In this article, we will explore:
- A history of RAPID decision-making
- What RAPID stands for
- When to use RAPID decision-making
- The benefits of RAPID decision-making
- RAPID vs RACI
A history of RAPID decision-making
Bain & Company developed RAPID to clarify decision responsibilities and authority. The purpose is to define decision-making roles to allow organizations to make decisions more effectively.
Although the name is “RAPID,” the decisions aren’t meant to be rushed. Rather, the process intends to organize the process better so that decisions can be made more thoughtfully, by people in the right roles.
Decisions, or lack thereof, make businesses succeed or fail. In a highly competitive world, delaying decisions can cost your organization significantly, so yes, speed matters.

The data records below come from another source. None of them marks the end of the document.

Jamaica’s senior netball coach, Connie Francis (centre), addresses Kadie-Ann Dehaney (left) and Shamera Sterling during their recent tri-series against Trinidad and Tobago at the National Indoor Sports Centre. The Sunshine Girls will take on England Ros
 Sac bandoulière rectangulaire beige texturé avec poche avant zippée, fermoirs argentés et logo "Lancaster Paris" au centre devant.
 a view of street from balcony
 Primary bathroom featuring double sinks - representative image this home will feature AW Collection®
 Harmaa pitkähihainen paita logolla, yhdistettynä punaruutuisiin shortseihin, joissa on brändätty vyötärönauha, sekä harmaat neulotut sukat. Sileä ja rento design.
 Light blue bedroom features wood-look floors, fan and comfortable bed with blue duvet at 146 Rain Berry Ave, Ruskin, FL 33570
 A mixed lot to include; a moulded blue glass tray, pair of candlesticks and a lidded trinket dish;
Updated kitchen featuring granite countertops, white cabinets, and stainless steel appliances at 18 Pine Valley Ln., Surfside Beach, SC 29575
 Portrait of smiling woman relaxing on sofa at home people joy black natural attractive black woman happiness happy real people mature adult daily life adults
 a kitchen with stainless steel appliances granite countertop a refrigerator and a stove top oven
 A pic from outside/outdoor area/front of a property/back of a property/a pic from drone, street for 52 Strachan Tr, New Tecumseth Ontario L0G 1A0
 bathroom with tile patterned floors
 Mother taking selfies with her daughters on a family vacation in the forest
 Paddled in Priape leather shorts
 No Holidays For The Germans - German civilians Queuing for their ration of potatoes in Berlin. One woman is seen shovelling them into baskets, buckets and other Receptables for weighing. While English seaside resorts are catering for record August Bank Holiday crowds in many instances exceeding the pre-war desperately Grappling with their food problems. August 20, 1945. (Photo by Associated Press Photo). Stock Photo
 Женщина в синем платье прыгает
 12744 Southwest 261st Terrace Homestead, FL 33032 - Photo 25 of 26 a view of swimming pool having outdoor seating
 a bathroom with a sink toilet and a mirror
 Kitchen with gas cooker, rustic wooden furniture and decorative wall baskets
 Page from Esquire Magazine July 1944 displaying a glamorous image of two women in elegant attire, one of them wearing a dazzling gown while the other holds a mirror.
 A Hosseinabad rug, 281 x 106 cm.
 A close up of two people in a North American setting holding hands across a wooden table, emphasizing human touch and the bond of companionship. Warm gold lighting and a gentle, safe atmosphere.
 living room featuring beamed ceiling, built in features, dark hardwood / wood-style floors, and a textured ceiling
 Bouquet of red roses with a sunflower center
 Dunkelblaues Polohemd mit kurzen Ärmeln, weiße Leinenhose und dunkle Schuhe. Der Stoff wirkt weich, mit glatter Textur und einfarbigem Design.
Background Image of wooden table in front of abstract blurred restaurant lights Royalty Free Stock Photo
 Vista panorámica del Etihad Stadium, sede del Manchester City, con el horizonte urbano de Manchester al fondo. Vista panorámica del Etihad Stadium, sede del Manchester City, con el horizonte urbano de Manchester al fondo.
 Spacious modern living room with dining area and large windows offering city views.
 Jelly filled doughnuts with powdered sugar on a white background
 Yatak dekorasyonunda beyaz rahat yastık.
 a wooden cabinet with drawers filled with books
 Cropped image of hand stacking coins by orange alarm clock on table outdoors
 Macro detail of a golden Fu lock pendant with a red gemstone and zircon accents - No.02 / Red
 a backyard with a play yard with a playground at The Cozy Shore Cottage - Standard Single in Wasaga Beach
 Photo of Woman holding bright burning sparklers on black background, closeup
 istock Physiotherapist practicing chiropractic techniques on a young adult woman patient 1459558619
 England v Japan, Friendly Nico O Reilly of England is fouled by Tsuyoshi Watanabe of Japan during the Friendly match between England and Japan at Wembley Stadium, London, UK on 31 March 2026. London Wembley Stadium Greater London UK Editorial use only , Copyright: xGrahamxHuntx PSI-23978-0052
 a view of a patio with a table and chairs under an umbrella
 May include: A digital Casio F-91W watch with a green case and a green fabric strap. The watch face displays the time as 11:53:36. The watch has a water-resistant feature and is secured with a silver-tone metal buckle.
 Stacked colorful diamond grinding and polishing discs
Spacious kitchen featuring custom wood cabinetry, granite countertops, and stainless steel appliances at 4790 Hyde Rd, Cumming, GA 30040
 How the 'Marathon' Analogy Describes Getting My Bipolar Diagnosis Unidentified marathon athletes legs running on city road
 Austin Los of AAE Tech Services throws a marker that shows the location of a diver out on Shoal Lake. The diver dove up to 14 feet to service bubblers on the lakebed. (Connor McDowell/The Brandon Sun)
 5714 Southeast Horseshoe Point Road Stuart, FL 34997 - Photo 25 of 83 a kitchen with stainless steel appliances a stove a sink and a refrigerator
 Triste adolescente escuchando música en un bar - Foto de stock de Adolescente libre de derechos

Today’s consumers don’t like to wait for new products or services they need. Let’s say two organizations manufacture cell phones. Many consumers want the latest and greatest technology as soon as it comes out. One of the companies is having disagreements about how they should implement new technology in their phones.
The second makes a quicker decision and gets their product out on the market. Customers will not wait for the first company to decide and implement their new phone technology. They will often rush to buy the product that is already available.
What does RAPID stand for?
Let’s take a look at what each letter in the RAPID acronym stands for. We’ll use an example of an accounting firm trying to deal with an increase in business after multiple large customers signed contracts with them.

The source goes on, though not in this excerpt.